This week, we chat with Brian Baker, co-creator of 2v2 Gunfight mode. Brian peels back the curtain and gives an inside look on how Gunfight was made along with some insight on getting into Level Design.




Who are you? What do you do @ IW?

Hi, I’m Brian Baker and I am a Level Designer on the Multiplayer team. 

Level Designers are responsible for all things map-related. Such as taking a map from a concept or idea to a gameplay ready block out. We place player collision, game mode objectives, spawn locations, and AI pathing to the maps. We optimize performance and fix bugs. We do a lot of playtesting and give/receive a lot of feedback. We also support the Art, SFX, and Audio teams while they work their magic on the maps.


When did you join IW? What did you do beforehand?

I joined IW in 2010, but my first job in the industry was in 2006. When I was in college, I got a summer job as a temp QA tester over at Activision in Santa Monica. My first project was Call of Duty 3. After that project, I actually quit so I could finish college (I had one semester left). But as soon as I did, I went back to QA testing. I worked on basically everything that came out of Activision between 2007-2010. (Guitar Hero, Tony Hawk, Call of Duty, Spider-man, etc) Then I got an opportunity to work onsite as QA at IW during MW2. After that game shipped, they hired me on full time. I worked on MW3 and started to mess around with the level editor “Radiant” in my free time and was able to move up to design during Ghosts.


What do you like to do outside of the studio in your free time?

I’m gonna be honest, I got into this industry because I wanted an excuse to play videogames all the time. It’s worked out! But I also like to read, watch shows/sports, and play board games with my friends.


Tell us about a piece of work that you are most proud of.

I’m most proud of 2v2 Gunfight. My good friend and co-worker Dave Mickner and I designed and prototyped out the mode in our free time. Dave scripted the mode and I designed the initial set of maps: King, Stack, Speedball, Docks, Atrium, and Gulag Showers. We had a blast making it, so much so we had to continually tell people (including Dave and me) to stop playing 2v2’s and get back to work.

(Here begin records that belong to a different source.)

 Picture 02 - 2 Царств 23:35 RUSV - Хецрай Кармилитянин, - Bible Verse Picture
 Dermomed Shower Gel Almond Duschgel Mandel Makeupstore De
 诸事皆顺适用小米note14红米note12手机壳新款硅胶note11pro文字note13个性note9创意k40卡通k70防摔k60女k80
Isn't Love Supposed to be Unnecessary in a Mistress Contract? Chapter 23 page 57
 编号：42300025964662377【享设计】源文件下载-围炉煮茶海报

What advice would you give to someone wanting to get into Level Design?

Play lots of games! For me, I grew up playing a lot of Counter-Strike, Team Fortress, and Halo. Plus, all my time as a QA tester on CoD games really helped me figure out multiplayer level design and helped me build my own style of design philosophies and principles. Which helped me immensely when I first started making maps and still influence my maps to this day. Also, get lots of feedback and iterate, iterate and iterate. 

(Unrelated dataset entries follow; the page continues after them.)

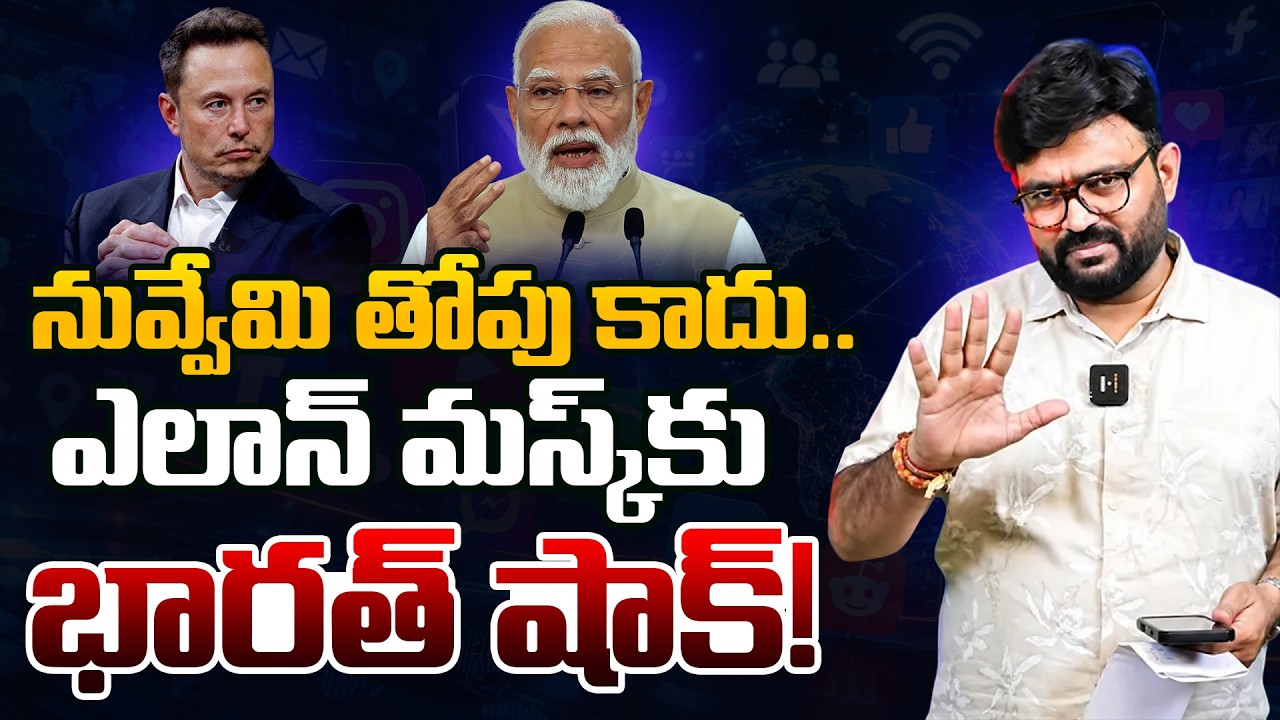 PM Narendra Modi BIG Shock to Elon Musk | Starlink Satellite | Latest | Kiran Tv News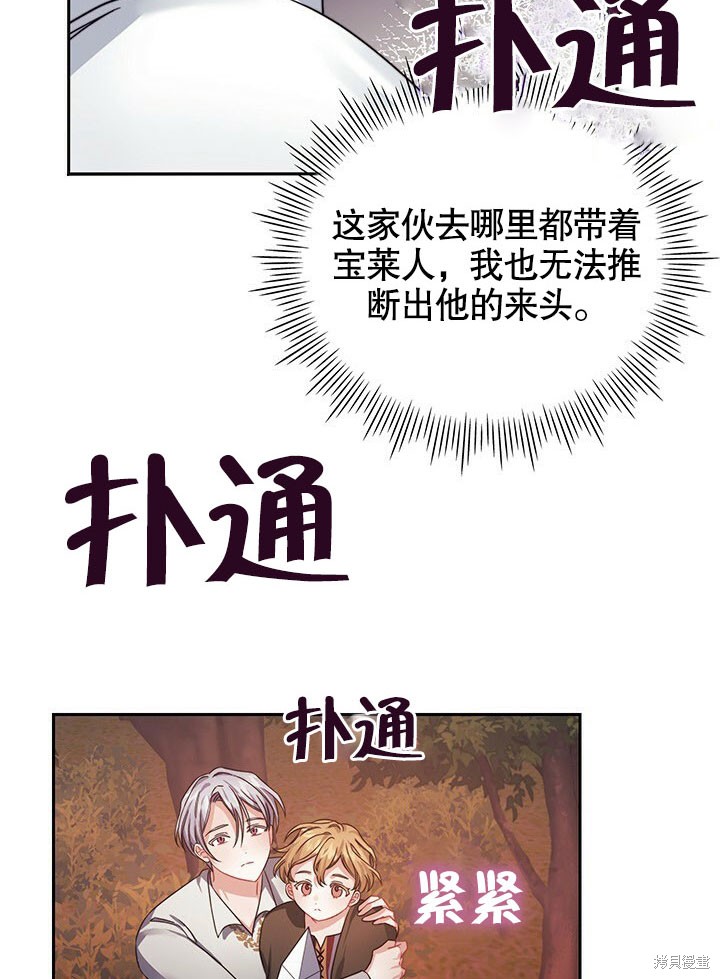 第27话65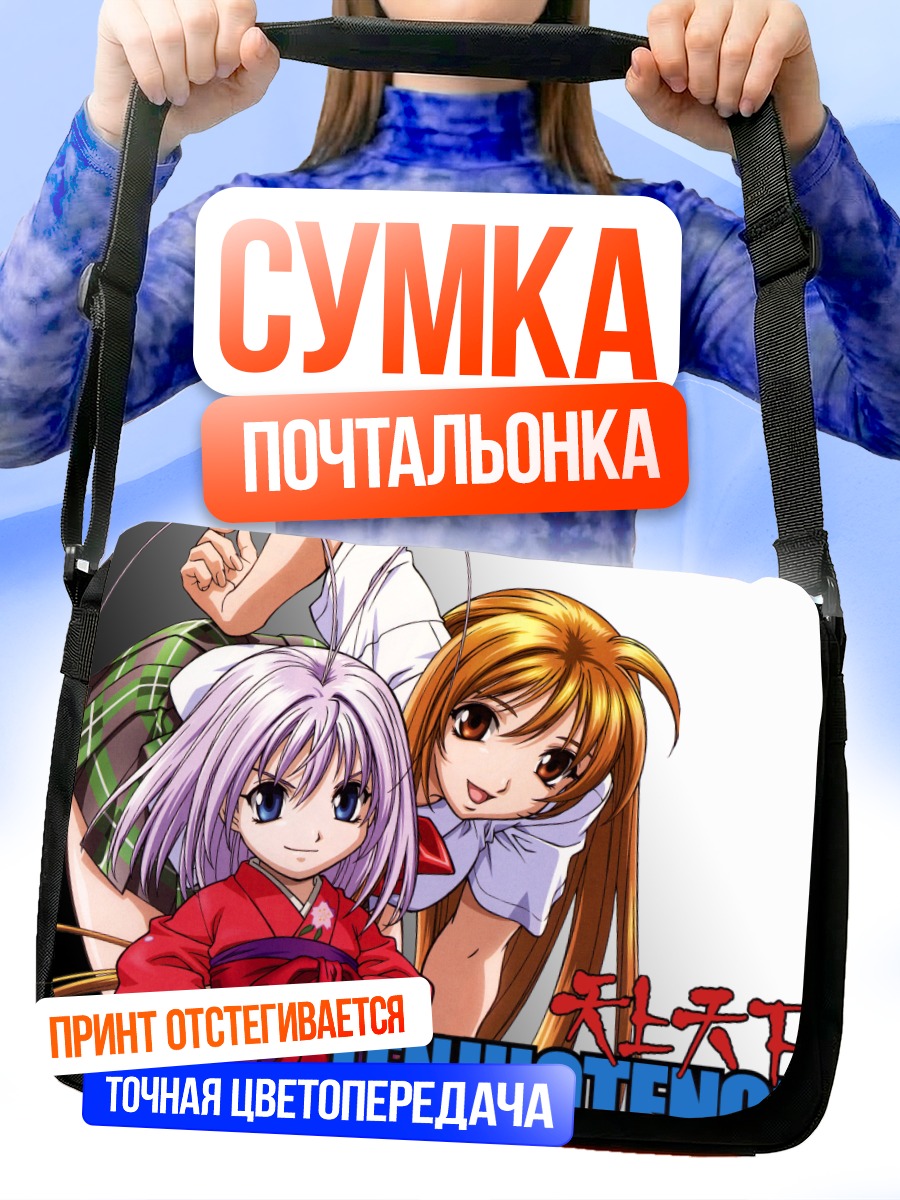 Сумка-почтальонка Ая Нацумэ и Майя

What do you know about working in games now, that you wish you knew before?

I wish I messed around in level editors like Hammer (source) when I was younger. I feel like I could have learned so much back then. Today, we have amazing game development software like Unity and Unreal that’s free and highly documented with loads of tutorials and classes. So, get out there and learn to make games, no excuses!